Retype the line with "The Escapists (Alcatraz)" in it, then each line after it to the end of the data, word for word.

• Stored entries
=====

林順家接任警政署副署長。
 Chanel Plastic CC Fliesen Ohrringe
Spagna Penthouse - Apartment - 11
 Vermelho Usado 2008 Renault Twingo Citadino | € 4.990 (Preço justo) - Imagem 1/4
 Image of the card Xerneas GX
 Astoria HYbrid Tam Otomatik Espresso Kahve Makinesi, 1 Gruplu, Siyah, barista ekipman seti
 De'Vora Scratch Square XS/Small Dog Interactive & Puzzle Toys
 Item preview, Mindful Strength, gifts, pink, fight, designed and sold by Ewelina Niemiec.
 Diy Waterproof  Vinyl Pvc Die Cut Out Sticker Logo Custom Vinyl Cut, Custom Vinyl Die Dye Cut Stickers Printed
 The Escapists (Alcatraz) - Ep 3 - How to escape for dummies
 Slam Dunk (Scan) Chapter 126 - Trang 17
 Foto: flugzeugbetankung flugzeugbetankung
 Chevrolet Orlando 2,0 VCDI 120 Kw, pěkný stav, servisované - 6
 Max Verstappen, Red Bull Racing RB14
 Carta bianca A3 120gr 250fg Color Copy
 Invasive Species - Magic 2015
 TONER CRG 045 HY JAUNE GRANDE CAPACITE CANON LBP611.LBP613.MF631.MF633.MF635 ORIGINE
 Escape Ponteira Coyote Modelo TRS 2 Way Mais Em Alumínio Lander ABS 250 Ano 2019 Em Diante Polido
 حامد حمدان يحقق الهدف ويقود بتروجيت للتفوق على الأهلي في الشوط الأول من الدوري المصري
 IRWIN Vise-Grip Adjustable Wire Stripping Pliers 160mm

=====

• ANSWER FOR THIS EXERCISE
 The Escapists (Alcatraz) - Ep 3 - How to escape for dummies
 Slam Dunk (Scan) Chapter 126 - Trang 17
 Foto: flugzeugbetankung flugzeugbetankung
 Chevrolet Orlando 2,0 VCDI 120 Kw, pěkný stav, servisované - 6
 Max Verstappen, Red Bull Racing RB14
 Carta bianca A3 120gr 250fg Color Copy
 Invasive Species - Magic 2015
 TONER CRG 045 HY JAUNE GRANDE CAPACITE CANON LBP611.LBP613.MF631.MF633.MF635 ORIGINE
 Escape Ponteira Coyote Modelo TRS 2 Way Mais Em Alumínio Lander ABS 250 Ano 2019 Em Diante Polido
 حامد حمدان يحقق الهدف ويقود بتروجيت للتفوق على الأهلي في الشوط الأول من الدوري المصري
 IRWIN Vise-Grip Adjustable Wire Stripping Pliers 160mm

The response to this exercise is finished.